There was a good balance of challenge and support, and the experience developed good habits in Dalton. She knows high-load, high-intensity training programs, is internally motivated, and leans on a diverse athletics background (swimming, softball, volleyball, crew, wrestling, triathlon, field hockey) to adapt her skills to new sports.

But as Dalton matured, her relationship with skiing changed.

“The reason I decided to stop skiing was mainly due to the limited opportunities found in the ski racing community,” Dalton explained. “It is a sport that requires a lot of logistical planning, hard work, and courage, but can offer little reward to those who are in the process of trying to make a break. I also found myself missing the team sport dynamic, because while I was on a ski team of about 30 athletes, the racing is still individual.”

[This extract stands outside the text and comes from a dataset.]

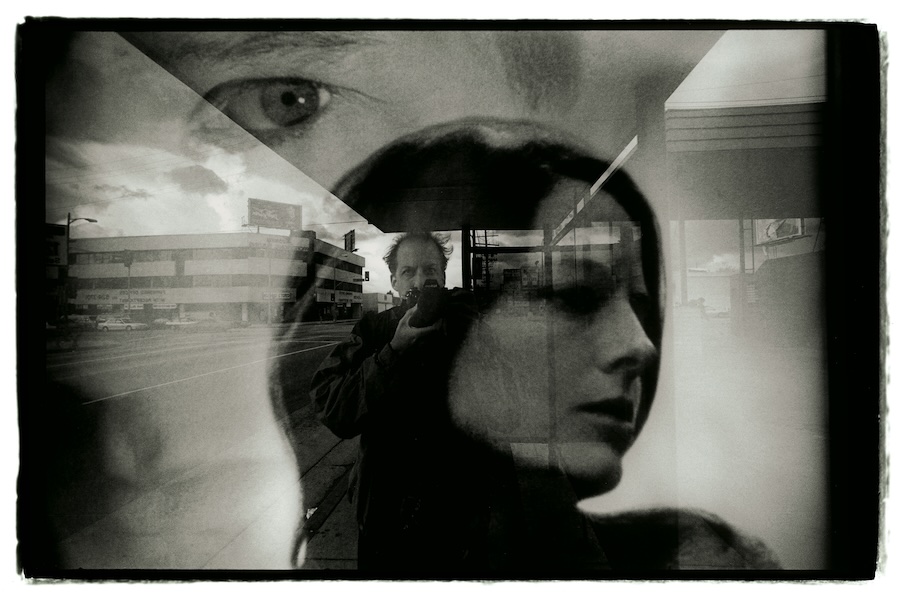 Reflection of photographer in window.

Enter rugby. In April 2018 Dalton followed a friend to a Wasatch High School practice and fell in love. That summer Dalton was selected to the Utah Cannibals 15s team that won the Regional Cup Tournament in Boise, Idaho. She started at wing and then worked her way inward to her preferred position, scrumhalf.

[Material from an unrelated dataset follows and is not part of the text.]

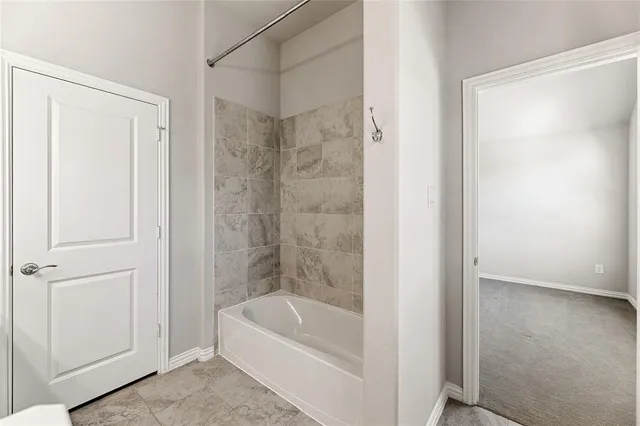 a bathroom with a tub and shower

“For starters, ski racers are used to the high level of strength training that one needs to be successful in rugby,” Dalton explained translatable attributes between skiers and rugby players. “Skiers also use short powerful bursts of energy throughout an entire race course, and I find it similar to the bursts of energy you would use in a rugby game.

“Another translation, although not entirely athletic, is the discipline it takes to be a competitive ski racer,” she added. “We are accountable for our equipment, warm ups, training, video, ski tuning, and so much more, and I think that the work ethic behind that is necessary to be successful in rugby.”

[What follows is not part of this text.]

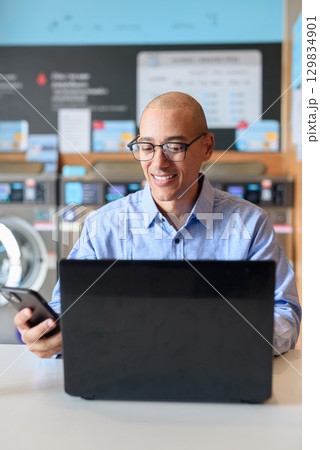 Businessman using laptop in laundry shop, focused and professional working concept 129834901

Dalton saw a new path forming and contacted Karen Fong Donoghue at The Rugger’s Edge on possibilities of playing rugby in college. It wasn’t until the final months high school (where she graduated as the Kay Wright Memorial Award for the Outstanding Student 2018 – one of many academic accolades) that Dalton started talking to college coaches and making visits. On Thanksgiving Day, she learned of New Zealand’s Inside Running Academy, a full-time immersive program that not only affords residents personalized, highly skilled attention, but also places them with a local club to experience rugby on the ground. By January 6, 2019, Dalton was settling into Mount Maunganui, three hours outside of Auckland.

Today, Dalton is one of seven women at the academy, and there are also approximately 20 boys training.

“The rugby is amazing. I am currently playing with local professionals, soon-to-be Black Ferns, Netherlands National Team players, Japanese professional players, and so many more,” Dalton enthused. “The level of rugby that I came from was pretty high level for the U.S. high school age, but this is a whole other world. It is impossible not to improve when I am surrounded by so many HP athletes 24/7! The intensity is insane, and I am excited to see how I take what I’ve been learning here back home.”

The week is jam-packed with workouts – ranging from hardcore conditioning, to the weight room, to speed-focused sessions – skill blocks, team challenges, scrimmages and tournament days. Sunday is the off day.

Dalton has been training at scrumhalf and enjoying the education.

“I think the halfback position really features my speed and quick feet. Due to the nature of the position, I always need to be looking for the next phase, switching directions quickly, and maintaining good pace across the field,” Dalton explained. “However, due to the numbers within my club team I just started playing prop and throwing the ball in the lineouts!”

As one might expect, Dalton did well at prop, too.

“[I] found that the prop position featured my strength well. I also think my ability to adapt to a new position also just features my flexibility and diversity on the field,” Dalton added. “To me, it is important that I am able to play all positions because it furthers your understanding of the game. It also gives coaches options when players in other positions are injured and you are available.”

Dalton will be in New Zealand through the end of March and will continue conversations with colleges in hopes of playing this fall. But whatever the future brings for Dalton, one can safely assume that she’ll remain opportunistic and at full tilt.